January is National Winter Sports TBI awareness month. What’s TBI? TBI stands for Traumatic Brain Injury—concussions and other forms of serious brain injury that can lead to severe complications. This winter, with activities like skiing and snowboarding in full swing (not to mention the risk of slipping on ice!), take some time to learn about TBIs and how to avoid them .
- According to the NIH, “The best treatment for TBI is prevention.” Avoid getting a TBI in the first place by wearing a helmet when you’re playing contact sports, biking, or skiing.
- Sometimes symptoms of TBI show up immediately. Other times, they may show up only after a few weeks. Even if you feel fine after the injury, get medical help immediately!
- Hundreds of thousands of people per year are injured while participating in winter sports each year. The American Academy of Orthopaedi Surgeons recommends that you always have someone with you while engaging in a winter sport, and that you wear the proper equipment (helmets, googles, etc.).
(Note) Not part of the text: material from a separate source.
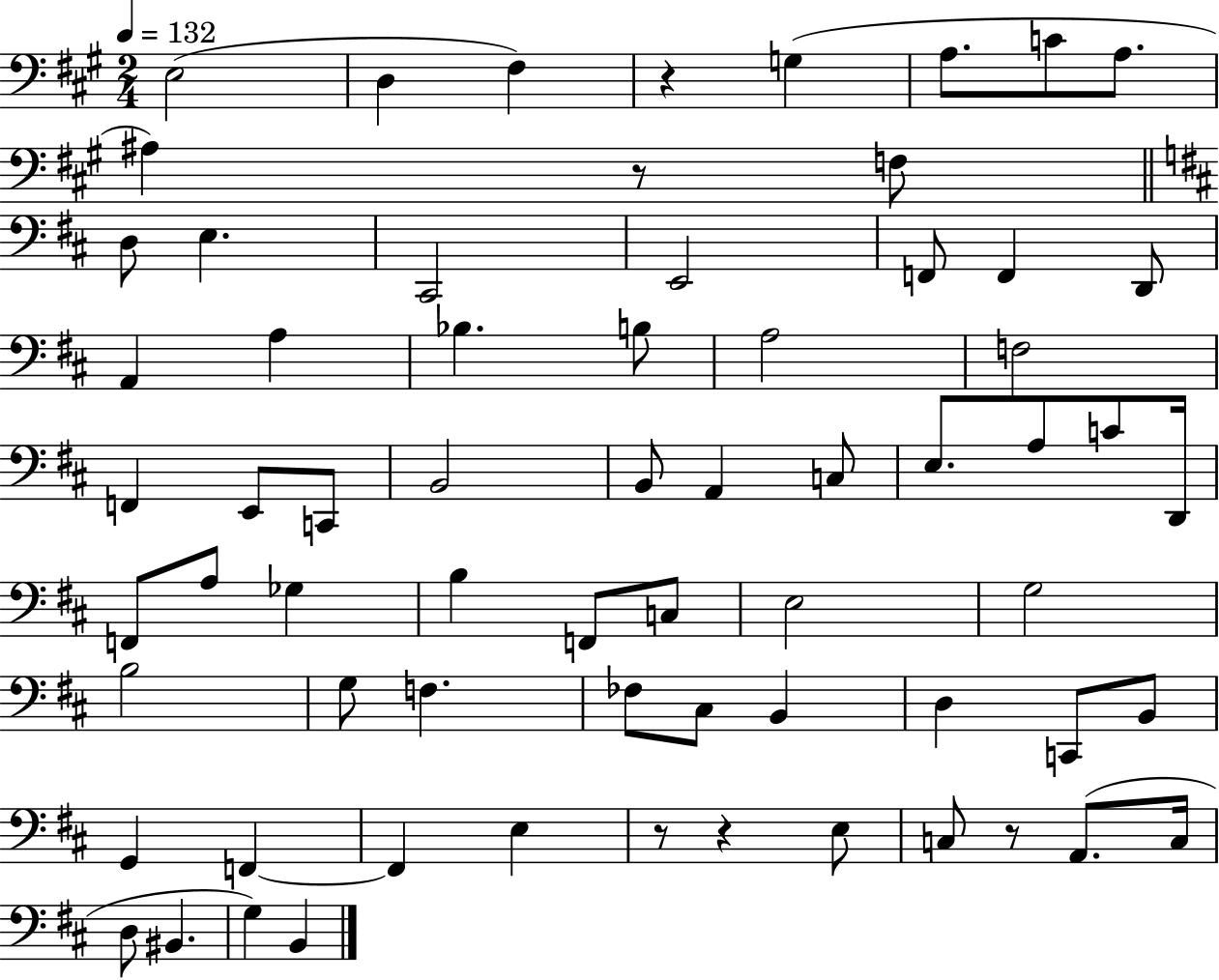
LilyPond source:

- If you have kids that are participating in winter sports, make sure they wear helmets—but make sure you’re wearing helmets too! The Children’s Hospital of Philadelphia points out that “children learn safety habits by watching you.”
Winter sports are incredibly fun, and a great way to get some exercise! With some safety tips in mind, you can have a great time while keeping your brain in great shape.